Tuesday, October 15, 2013

Guest Post with Michael Pierce

Photo Content from Michael Pierce

I believe in a future where I will be able to write full-time, a picture I already hold vividly in my mind. It all starts with my debut young adult novel, Provex City. I love Harry Potter & The Marbury Lens, Tool & Elliott Smith, Dexter & Donnie Darko, bold coffee & amber ale. I also love dabbling with writing music and recording, with no illusions of ever making it a career. I am ecstatically married and the lucky father to a beautiful baby girl.

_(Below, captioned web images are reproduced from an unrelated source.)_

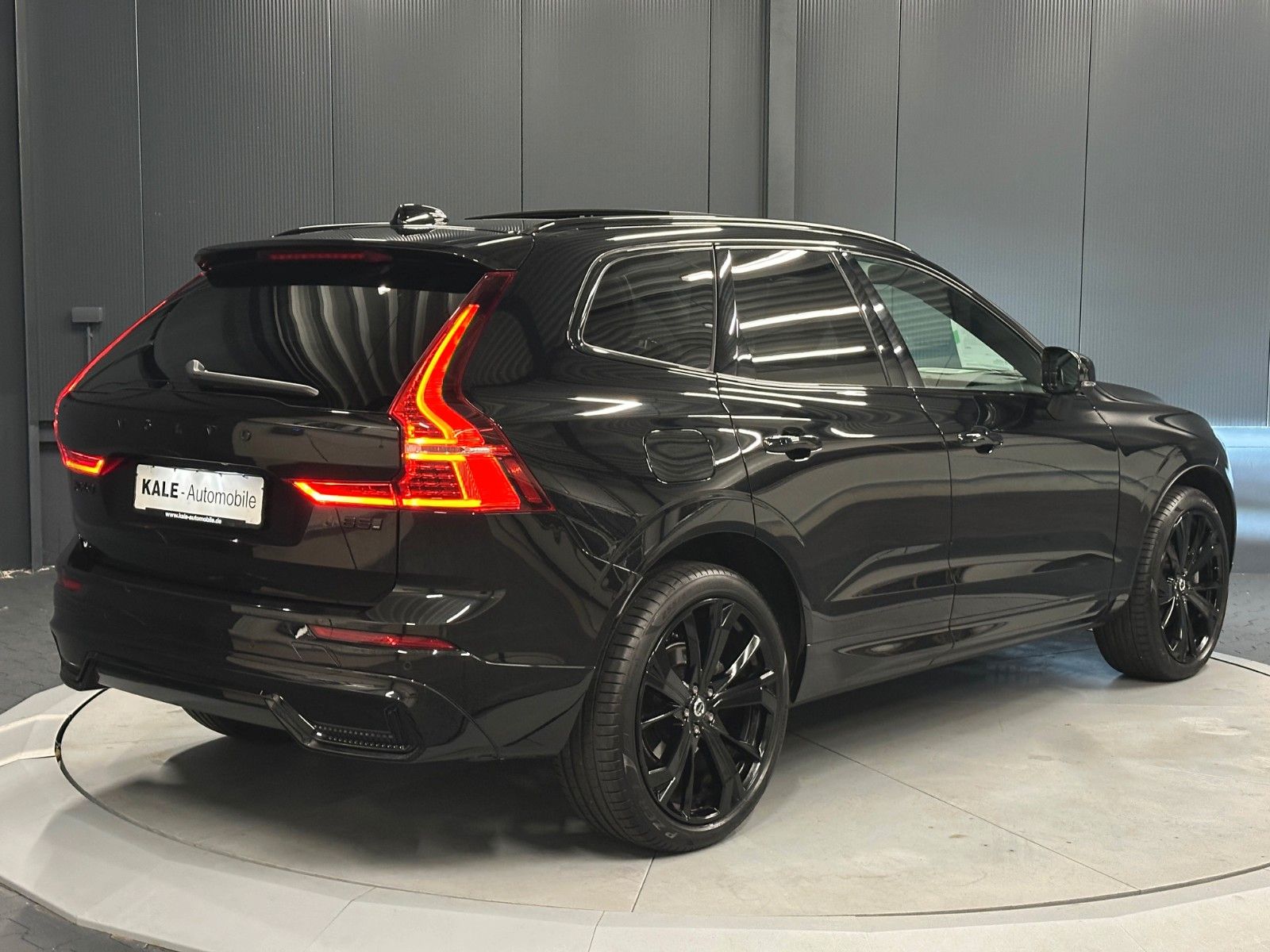 Volvo XC60 Plus Black Edition AWD*21Zoll*PANORAMA*AHK*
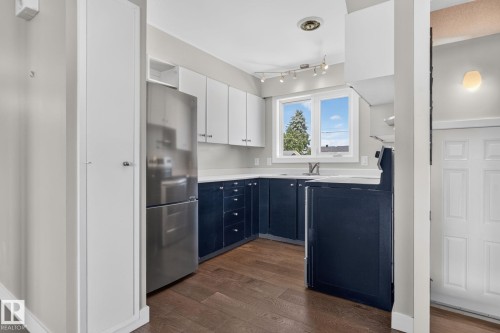 6704 94A Avenue, Edmonton, AB 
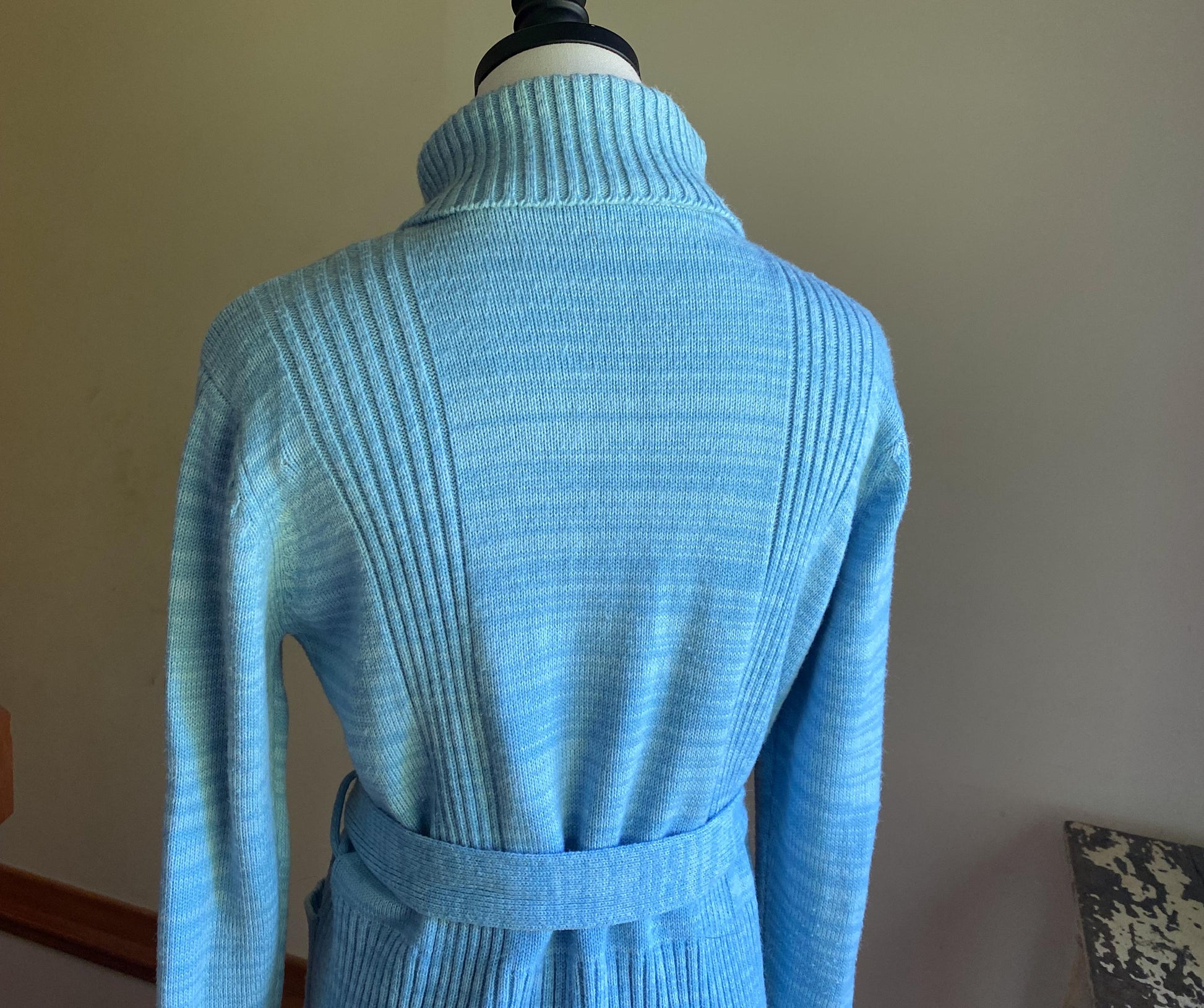 Vintage 70’s long cardigan baby blue ribbed sweater POCKETS! // 39” bust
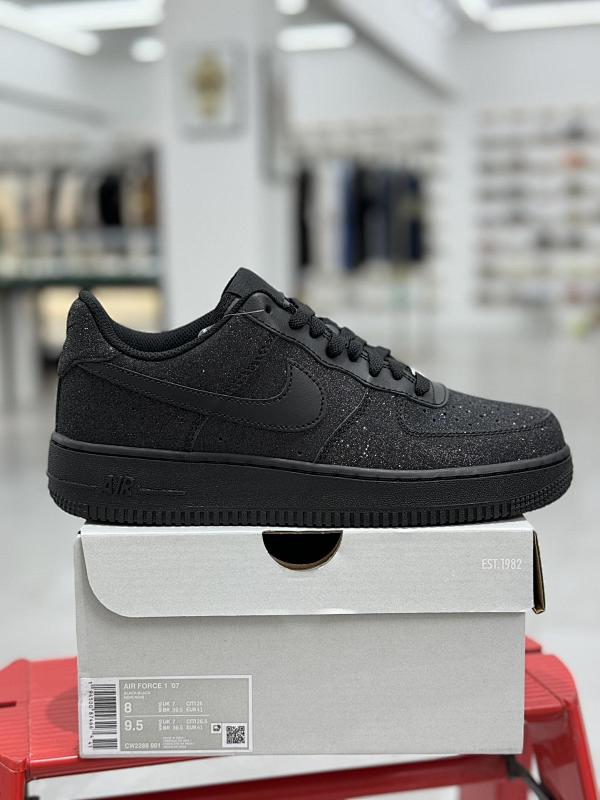 NIKE AIR FORCE 1 (24)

I went from reading children’s books like Tales of a 4th Grade Nothing, The Wheel on the School, and The BFG to Stephen King, starting with Pet Semetary, in the summer transitioning from elementary school to junior high. For several years, Stephen King was all I would read and I poured through many of his classics. I admit, I read them at the time for the shock value, missing much of his colorful characterizations and emotional nuances. I became obsessed with all things horror and tried to mimic what I wrote with what I read. Most of my writing throughout high school was written to be shocking—which was my quiet rebellion. I made great fans and enemies of my English teachers.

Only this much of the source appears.